Pour certains spécialistes du dossier, la situation risque même d'empirer après l'entrée des deux pays dans l'Union, l'accès aux autres Etats membres étant alors grandement facilité.
""Je suis persuadée que le nombre de femmes ainsi exploitées va encore grandir"", estime Gina-Maria Stoian, directrice de la Fondation Adpare, une association roumaine qui vient en aide aux victimes. ""On constate déjà un tourisme sexuel autour de la mer Noire."" D'autres pays de la région, comme la Moldavie et l'Ukraine, sont des terres bénies pour le crime organisé et toutes sortes de trafics illégaux.
La pauvreté et les désillusions devant la lenteur des réformes après l'effondrement du communisme contribuent à alimenter l'activité des mafias locales.
""Il y a la pauvreté, les familles éclatées, une mentalité spéciale. Les filles n'ont aucune attache, aucun amour-propre"", explique Iana Matei, qui dirige ""Tendre la main"", un organisme caritatif roumain qui vient en aide aux jeunes femmes.
""Les trafiquants recherchent maintenant des filles de 13 ou 14 ans. Elles sont plus faciles à contrôler. On les forme, on leur lave le cerveau. Elles n'attendent pas grand chose de la police, du système. Et elles espèrent se faire de l'argent et gagner leur indépendance"", dit-elle.

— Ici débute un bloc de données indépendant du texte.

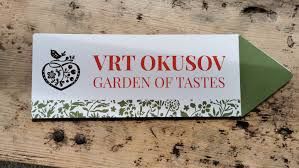 Labirint slovenskih vrtnic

DES FILLES DE 13 OU 14 ANS La géographie pose aussi un problème. La Bulgarie et la Roumanie sont sur la ""route des Balkans"" du trafic d'héroïne en provenance d'Afghanistan. Au total, 80% de l'héroïne venant d'Afghanistan emprunte cette voie pour gagner l'Occident.
""La Roumanie sera la dernière frontière, la dernière barrière de l'UE"", dit Cristian Duta, du Centre SECI de Bucarest, qui milite pour une coopération internationale dans la lutte contre le crime organisé. ""Elle sera la première étape pour quiconque veut entrer dans l'Union."" Les gouvernements de Bucarest et de Sofia assurent faire tout leur possible pour combattre les trafics.

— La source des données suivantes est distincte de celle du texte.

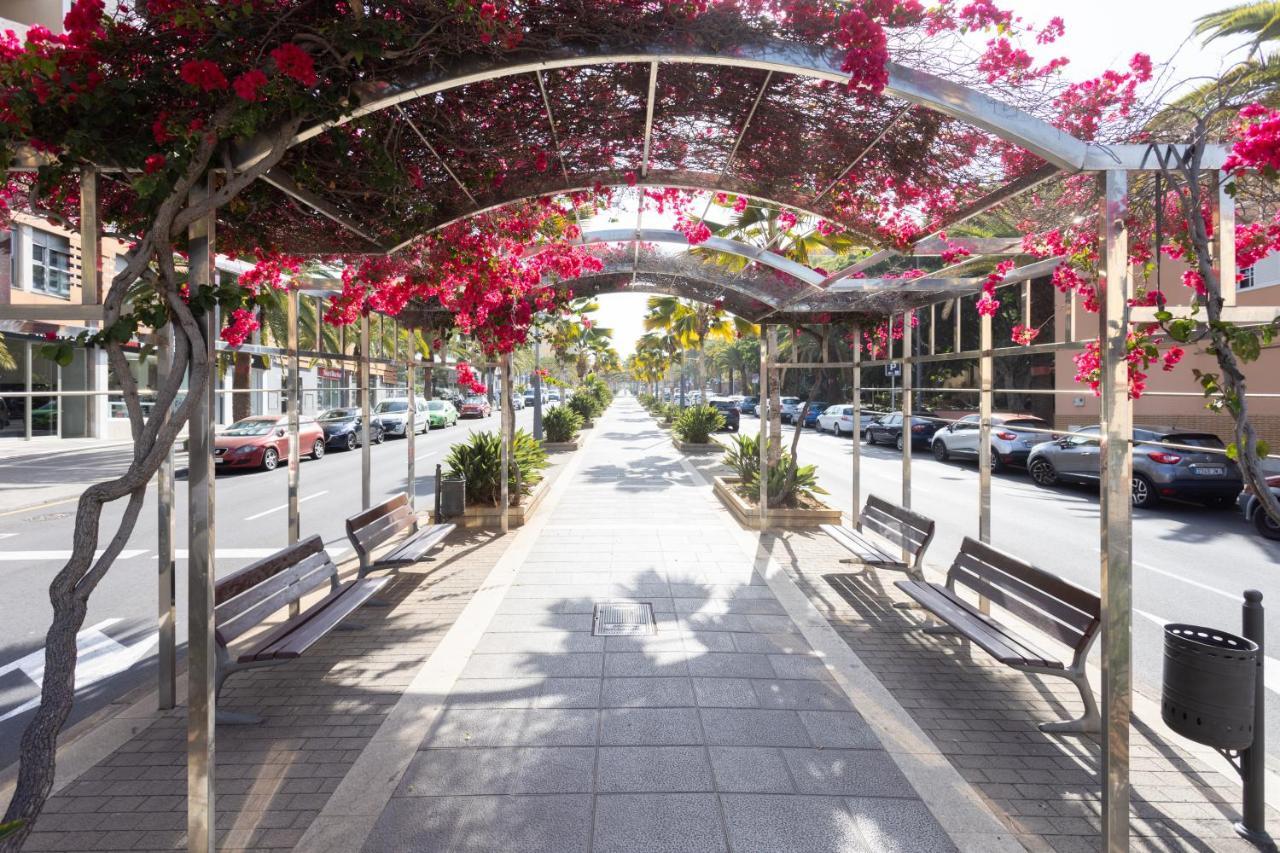 Home2Book Stunning Santa Cruz City Views Exterior foto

Bruxelles a félicité la Roumanie, qui a renforcé ses contrôles aux frontières et la lutte contre la corruption, mais reste sceptique sur les efforts menés par la Bulgarie.
""Nos frontières sont sûres à 100%"", affirme Dumitru Licsandru, qui dirige à Bucarest les services de lutte contre le trafic d'êtres humains.
Selon lui, 1.400 victimes roumaines de ces trafics - exploitation sexuelle et travail forcé, notamment - ont été recensées durant les neuf premiers mois de 2006, ce qui a conduit à l'arrestation de 200 personnes.
L'unité du ministère de l'Intérieur bulgare chargée de la lutte contre le crime organisé affirme que 4.000 ou 5.000 femmes sont victimes de ce genre de trafic chaque année.
""Nous ne pouvons pas nier le problème mais les chiffres sont en baisse par rapport aux années précédentes"", déclare la porte-parole du ministère de l'Intérieur, Katya Ilieva.
Mais pour la plupart des spécialistes, les chiffres officiels ne révèlent que la partie émergée de l'iceberg.